I am a social work student and registered voter writing to you to express the issues and concerns I have with Bill HB0591 which is to amend the Criminal Code Act of 2012 that primary impacts African-American minor offenders. I believe that implementing an alternative policy that refrains from arresting and confining individuals will give the same desired results. In May 2017 the Chicago Sun-Times wrote an article “Should 10-Year-Old Kids Be Kept In Juvenile Detention?” The story was pertaining to Justin Wright, confined in Illinois Juvenile Detention Center at the age of 11 years old and remained in the facility for two years.
Justin was not a hardcore criminal; he had school delinquency and broke into cars. Justin went into the detention facility as a frightened kid and returned to the community as a hardened criminal.
The words according to Justin, “his life would have been different.

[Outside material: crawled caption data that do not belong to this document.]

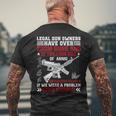 Vintage Retro Legal Gun Owners Have Over 200M Guns On Back Men's T-shirt Back Print Gifts for Old Men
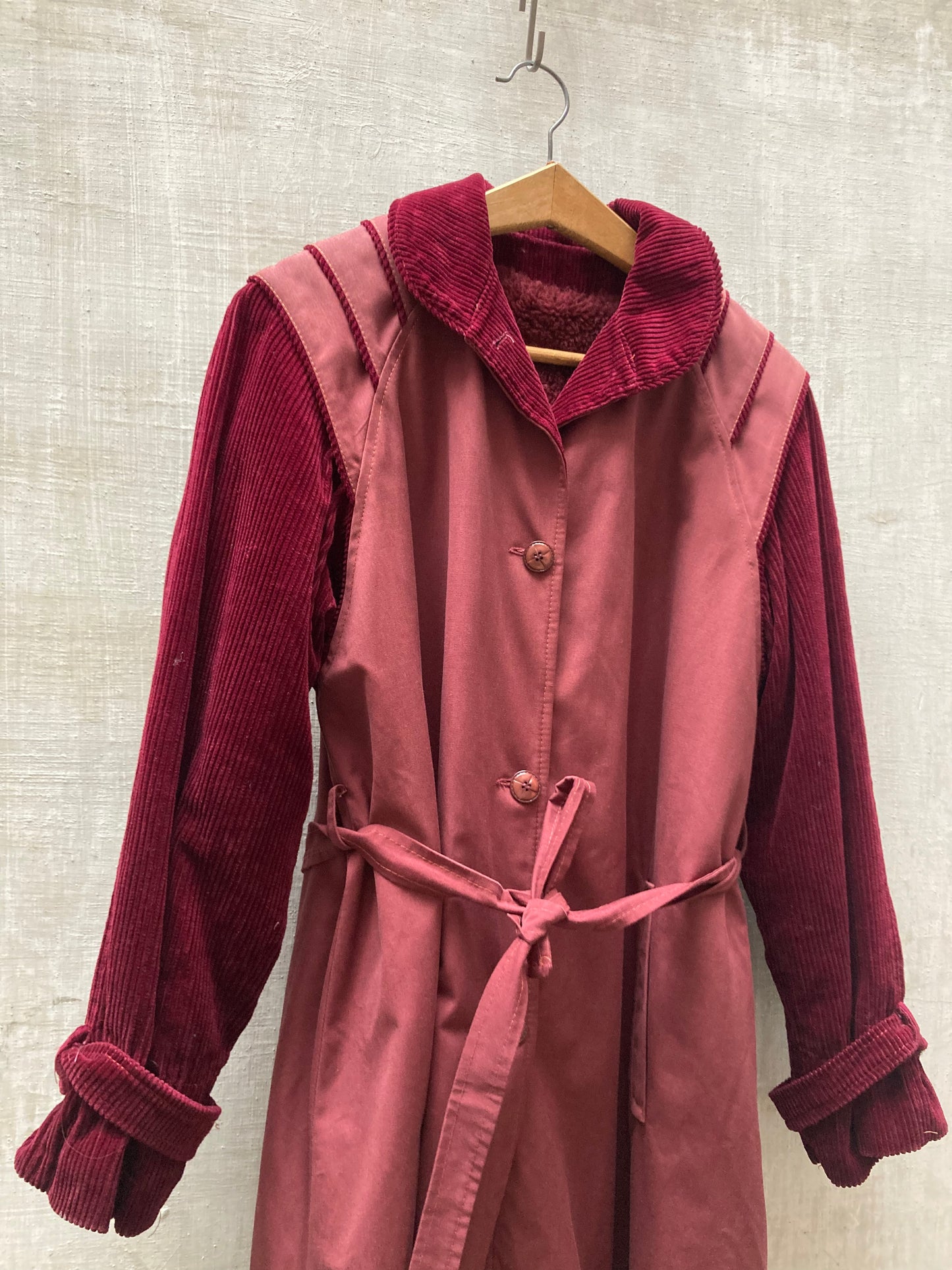 Manteau 1970 velour / Manteau « Mistral »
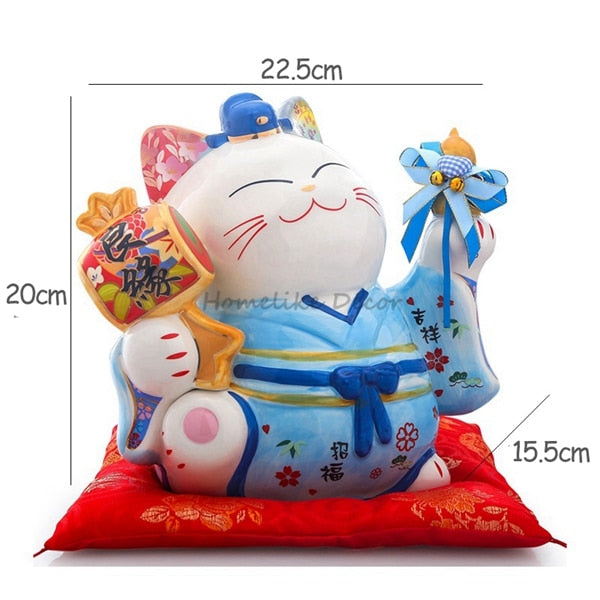 Maneki Neko Momo (2 Größen und 2 Farben)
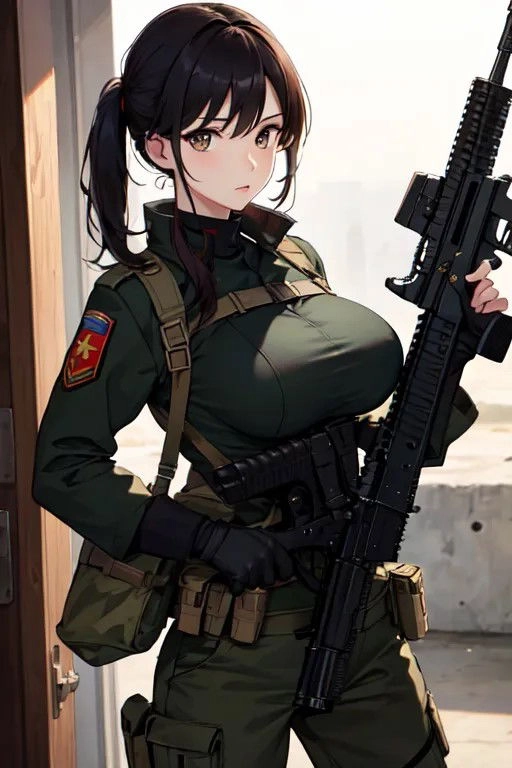 Enemy Soldier Girl Avatar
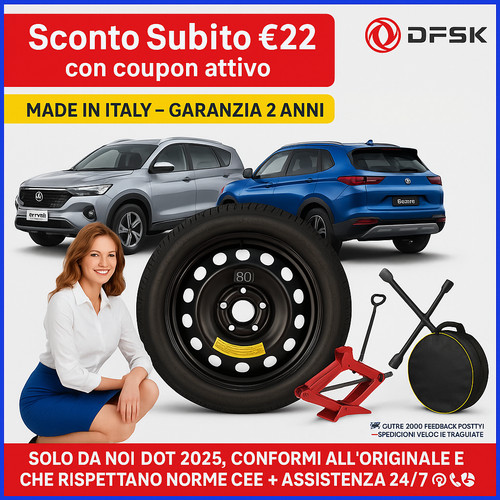 Spare wheel bag kit - 5, holes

I would have avoided a life of crime.” This validates that detention centers have a negative effect on juveniles’ lives.
Minors that are affiliated with crime, and commit a crime of gang recruitment can be deeply affected from being confined to a detention center. I respectfully request that you consider speaking to Congress on behalf of an alternative approach to be provided for low-risk and high-risk offenders up to the age of twenty. This would pertain to individuals that have committed a felony of gang recruitment to be sentenced to a residential or non-residential community-based program. Gang recruitment can decrease which will allow positive outcomes that will manifest using the alternative approach.
The alternative approach will allow individuals to be rehabilitated in a positive manner and become productive citizens.
The racial disparity in the juvenile justice system is a violation of the individual’s civil rights. Discrimination occurs to every level within the system from the youth initial contact of arrest, diversion, detention, referrals for prosecution, petitions filed, arbitrations, probation and, secures confinement. These individuals are not treated the same as White minor offenders they are disproportionate to their counterpart. Results from the Illinois Juvenile Justice Commission 2010 study on racial disparity in the justice system included the total population of youth in Illinois from age 10 to 16. The percentage of the population was 6% Other; 20% African –American; 23% Hispanic and 51% White. The arrest percentage of African American youths was 68% compared to 41% for White Youths. The percentage detained was 64% African American compared to 19% White youths.
The statistics calculated for this study was that minority youths are about 3 times as likely to be referred to court as arrested White youths. African-American youths that are adjudicated delinquent are nearly 5 times more likely to be incarcerated than adjudicated White youths. The adjudicated Hispanic youths are almost 2 times as likely to be confined as adjudicated white youths. The racial disparity in the Juvenile Justice system was indicated in the 2016 Illinois Juvenile Detention Data Report. It reported 10,042 individuals being admitted into the Illinois Detention centers. The admission percentages and headcount by race/ethnicity consisted of 8% (308) Other; 15% (1,547) Hispanic; 25% (2,541) White and 56% (5,574) African-American.
I sincerely hope that you would think about giving consideration to an alternative approach that will achieve the same results and not infringe on anyone’s civil liberty. The alternative approach will provide fair and equal treatment for individuals in the juvenile justice system; give each individual the help that is required to effectively rehabilitate them based on their needs; help the individuals allowing them to become productive citizens will decrease the rate of recidivism. There is a racial disparity in the incarceration of youth in juvenile detention centers which effects the youth of color. The majority of these youths are in confinement due to being disproportionately targeted by the criminal justice system. The justice system violates the targeted youth civil rights due to the courts, law enforcement and other persons connected to the juvenile system not giving them fair and equal treatment.
Minors committing the offense of gang recruitment will be sentenced to juvenile detention centers. The environment in the detention centers will have a negative psychological impact on minors that will affect their mental stability. This can affect the individuals aging into adulthood to not being productive citizens. The juvenile detention center can contribute to an individual’s having a hardened attitude towards others and life. The attitude learned or cultivated in the juvenile detention center and the lessened ability to find a job because of the individual’s criminal background offense has a high probability of the individual recidivating. Having a presence in the surrounding of a detention center can have a long-lasting effect on personal growth and development.